= Venezuelan football league system =

Football league system

The Venezuelan football league system is a series of interconnected football leagues for clubs in Venezuela, and is organized by the Venezuelan Football Federation at the national level. The system has promotions and relegations between the different leagues in all different levels which means that even the smallest club can reach to the top level, the Primera División.
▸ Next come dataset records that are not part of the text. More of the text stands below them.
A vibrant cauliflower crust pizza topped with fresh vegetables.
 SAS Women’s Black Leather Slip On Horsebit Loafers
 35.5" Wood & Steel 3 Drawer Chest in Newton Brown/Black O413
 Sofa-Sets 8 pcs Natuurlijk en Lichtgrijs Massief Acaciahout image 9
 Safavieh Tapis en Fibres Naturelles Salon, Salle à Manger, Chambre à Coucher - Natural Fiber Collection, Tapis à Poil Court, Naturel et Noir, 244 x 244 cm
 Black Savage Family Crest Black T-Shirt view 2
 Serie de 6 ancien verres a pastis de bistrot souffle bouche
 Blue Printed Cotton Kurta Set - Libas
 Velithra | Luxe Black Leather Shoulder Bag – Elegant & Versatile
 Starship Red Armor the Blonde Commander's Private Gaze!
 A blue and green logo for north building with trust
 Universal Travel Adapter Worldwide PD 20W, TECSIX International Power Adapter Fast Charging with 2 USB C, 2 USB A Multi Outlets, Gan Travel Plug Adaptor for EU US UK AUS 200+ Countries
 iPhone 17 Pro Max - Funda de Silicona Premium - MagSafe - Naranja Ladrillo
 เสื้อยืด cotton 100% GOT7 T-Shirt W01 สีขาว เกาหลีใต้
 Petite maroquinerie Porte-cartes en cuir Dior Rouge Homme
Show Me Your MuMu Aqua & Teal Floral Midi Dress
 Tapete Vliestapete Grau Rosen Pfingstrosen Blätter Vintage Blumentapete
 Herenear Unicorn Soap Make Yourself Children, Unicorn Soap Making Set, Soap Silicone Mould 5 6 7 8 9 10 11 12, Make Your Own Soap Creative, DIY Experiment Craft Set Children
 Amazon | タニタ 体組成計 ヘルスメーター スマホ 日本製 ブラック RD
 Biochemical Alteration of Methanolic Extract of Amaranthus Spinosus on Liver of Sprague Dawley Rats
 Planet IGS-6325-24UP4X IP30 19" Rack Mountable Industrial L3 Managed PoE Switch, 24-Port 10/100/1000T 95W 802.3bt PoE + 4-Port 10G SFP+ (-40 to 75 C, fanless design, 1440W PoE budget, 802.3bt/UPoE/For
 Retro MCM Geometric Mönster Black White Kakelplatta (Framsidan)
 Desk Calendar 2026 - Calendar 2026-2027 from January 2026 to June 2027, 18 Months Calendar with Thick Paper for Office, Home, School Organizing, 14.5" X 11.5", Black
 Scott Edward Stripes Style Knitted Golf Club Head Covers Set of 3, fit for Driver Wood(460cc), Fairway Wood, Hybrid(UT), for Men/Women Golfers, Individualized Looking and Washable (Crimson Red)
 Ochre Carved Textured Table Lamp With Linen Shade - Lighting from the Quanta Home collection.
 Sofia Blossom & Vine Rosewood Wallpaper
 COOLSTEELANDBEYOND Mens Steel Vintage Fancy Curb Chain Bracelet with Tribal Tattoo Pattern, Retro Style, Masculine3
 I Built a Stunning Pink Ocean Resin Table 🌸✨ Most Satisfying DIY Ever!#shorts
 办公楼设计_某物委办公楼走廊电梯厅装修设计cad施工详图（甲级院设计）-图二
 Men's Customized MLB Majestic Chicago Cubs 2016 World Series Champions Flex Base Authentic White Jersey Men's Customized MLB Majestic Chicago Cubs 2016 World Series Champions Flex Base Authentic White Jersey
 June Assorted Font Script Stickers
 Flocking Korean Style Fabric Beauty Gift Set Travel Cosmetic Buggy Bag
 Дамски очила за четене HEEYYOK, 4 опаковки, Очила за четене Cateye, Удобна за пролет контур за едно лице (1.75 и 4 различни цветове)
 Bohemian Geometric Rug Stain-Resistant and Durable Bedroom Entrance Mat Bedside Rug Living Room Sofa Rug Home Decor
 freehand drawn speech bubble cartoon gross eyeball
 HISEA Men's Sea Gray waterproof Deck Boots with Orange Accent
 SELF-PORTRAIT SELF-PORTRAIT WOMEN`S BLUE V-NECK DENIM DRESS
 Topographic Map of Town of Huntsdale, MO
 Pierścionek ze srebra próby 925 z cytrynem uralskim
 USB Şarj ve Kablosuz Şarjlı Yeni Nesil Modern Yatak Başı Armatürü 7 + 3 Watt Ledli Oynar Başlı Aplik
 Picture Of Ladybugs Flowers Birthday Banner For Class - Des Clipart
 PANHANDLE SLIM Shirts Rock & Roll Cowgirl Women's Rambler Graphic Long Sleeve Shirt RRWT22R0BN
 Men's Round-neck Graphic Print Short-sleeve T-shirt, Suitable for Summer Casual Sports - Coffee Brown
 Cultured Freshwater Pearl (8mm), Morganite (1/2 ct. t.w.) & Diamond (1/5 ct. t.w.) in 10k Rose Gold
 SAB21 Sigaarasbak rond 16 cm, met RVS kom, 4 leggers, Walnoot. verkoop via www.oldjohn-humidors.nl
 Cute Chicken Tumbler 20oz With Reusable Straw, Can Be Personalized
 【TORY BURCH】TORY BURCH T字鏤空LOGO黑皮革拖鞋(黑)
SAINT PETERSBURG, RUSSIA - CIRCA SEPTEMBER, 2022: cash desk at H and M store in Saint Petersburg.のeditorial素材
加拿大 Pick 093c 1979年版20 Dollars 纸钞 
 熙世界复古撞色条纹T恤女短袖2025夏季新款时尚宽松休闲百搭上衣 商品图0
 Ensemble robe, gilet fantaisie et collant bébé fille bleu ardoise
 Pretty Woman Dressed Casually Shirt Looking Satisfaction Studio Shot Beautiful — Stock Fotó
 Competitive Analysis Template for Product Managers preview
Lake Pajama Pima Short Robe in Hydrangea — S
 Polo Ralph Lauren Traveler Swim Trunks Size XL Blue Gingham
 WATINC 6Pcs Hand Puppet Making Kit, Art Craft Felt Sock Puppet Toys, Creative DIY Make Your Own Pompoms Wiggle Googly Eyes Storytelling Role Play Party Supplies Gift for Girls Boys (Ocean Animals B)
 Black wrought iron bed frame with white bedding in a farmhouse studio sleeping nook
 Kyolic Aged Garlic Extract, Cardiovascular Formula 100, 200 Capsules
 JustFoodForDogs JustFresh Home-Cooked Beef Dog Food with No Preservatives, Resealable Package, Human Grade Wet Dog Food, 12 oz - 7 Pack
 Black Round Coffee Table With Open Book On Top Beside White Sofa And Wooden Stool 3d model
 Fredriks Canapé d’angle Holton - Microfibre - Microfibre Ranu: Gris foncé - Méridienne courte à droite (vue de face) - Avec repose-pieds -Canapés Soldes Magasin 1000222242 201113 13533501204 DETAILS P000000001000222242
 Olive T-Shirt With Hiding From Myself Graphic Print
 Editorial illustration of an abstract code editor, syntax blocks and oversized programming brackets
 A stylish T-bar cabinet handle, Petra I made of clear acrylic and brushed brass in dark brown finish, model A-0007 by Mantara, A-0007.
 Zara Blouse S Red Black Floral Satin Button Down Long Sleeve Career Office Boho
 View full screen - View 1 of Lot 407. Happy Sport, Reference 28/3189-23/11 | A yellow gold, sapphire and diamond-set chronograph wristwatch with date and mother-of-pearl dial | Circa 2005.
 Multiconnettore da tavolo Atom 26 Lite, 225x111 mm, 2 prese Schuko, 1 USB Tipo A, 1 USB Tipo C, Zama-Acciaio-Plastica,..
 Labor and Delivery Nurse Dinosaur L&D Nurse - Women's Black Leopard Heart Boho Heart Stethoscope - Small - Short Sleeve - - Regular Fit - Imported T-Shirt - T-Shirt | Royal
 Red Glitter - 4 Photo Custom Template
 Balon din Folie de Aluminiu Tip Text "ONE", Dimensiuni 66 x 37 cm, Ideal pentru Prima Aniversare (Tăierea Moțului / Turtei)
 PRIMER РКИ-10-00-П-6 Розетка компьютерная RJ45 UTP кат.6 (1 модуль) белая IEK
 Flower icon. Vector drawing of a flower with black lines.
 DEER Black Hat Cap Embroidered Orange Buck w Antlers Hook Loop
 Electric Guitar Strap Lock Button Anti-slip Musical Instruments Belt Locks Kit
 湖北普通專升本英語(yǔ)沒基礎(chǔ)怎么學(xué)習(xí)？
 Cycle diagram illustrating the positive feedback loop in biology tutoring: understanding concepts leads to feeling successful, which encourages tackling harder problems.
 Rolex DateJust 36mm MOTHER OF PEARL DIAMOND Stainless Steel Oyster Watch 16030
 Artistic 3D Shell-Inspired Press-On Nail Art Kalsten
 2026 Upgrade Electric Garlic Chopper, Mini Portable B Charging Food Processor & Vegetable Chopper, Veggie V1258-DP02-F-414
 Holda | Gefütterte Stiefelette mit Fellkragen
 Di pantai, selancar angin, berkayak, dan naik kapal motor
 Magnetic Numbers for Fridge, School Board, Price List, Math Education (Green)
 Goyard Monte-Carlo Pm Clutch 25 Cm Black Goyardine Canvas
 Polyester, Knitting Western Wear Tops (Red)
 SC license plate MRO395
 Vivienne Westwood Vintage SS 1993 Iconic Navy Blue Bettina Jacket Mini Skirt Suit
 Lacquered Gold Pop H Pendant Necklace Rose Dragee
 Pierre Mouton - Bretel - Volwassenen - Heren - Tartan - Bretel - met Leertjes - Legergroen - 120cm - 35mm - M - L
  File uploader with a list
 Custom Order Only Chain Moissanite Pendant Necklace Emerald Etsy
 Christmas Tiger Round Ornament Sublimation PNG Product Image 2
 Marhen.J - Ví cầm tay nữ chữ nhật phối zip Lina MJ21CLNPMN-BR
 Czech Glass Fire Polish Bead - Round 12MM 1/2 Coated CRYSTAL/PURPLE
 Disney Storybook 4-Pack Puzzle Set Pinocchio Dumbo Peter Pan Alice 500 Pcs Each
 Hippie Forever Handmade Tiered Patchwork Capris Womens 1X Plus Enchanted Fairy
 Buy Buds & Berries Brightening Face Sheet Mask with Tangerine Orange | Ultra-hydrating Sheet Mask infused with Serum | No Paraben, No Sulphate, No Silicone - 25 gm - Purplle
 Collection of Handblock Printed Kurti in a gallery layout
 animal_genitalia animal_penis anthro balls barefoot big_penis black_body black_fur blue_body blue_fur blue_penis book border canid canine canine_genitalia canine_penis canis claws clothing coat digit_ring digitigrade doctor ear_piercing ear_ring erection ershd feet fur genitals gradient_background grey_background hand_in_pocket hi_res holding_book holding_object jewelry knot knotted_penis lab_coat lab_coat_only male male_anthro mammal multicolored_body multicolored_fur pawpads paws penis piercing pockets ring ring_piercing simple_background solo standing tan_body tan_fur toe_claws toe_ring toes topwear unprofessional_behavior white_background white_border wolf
| Level | Divisions |  |  |  |  |  |
| 1st | Liga FUTVE 14 clubs |  |  |  |  |  |
|  | ↓↑ 1 club |  |  |  |  |  |  |  |  |
| 2nd | Liga FUTVE 2 17 clubs |  |  |  |  |  |
|  | ↓↑ 1 club |  |  |  |  |  |  |  |  |
| 3rd | Liga FUTVE 3 39 clubs + 9 Reserve teams |  |  |  |  |  |

Besides the current professional football league system the FVF also organize formation tournaments in which participates younger squads of professional clubs, amateur clubs and regional football associations. These tournaments are:

- Serie Nacional de Clubes Sub 20

- Serie Nacional de Clubes Sub 17

- Interregional Serie "A" Sub 20

- Interregional Serie "A" Sub 17

- Interregional Serie "B" Sub 20

- Interregional Serie "B" Sub 17

- Interregional de Clubes Sub 15

- Liga Nacional Femenina

- Nacional Femenino Sub 17

- Nacional Masculino Sub 16

- Nacional Masculino Sub 18

==Copa Venezuela==
The Copa Venezuela (Venezuela Cup) is the national cup football competition of Venezuela. Organized by the Venezuelan Football Federation, is it disputed in the first half of the season by the teams in the Primera División, Segunda División and Segunda División B.

Over the years, the competition has had several names. Under its current format, the competition was revived by the FVF in 2007. The champion gets direct access to the Copa Sudamericana.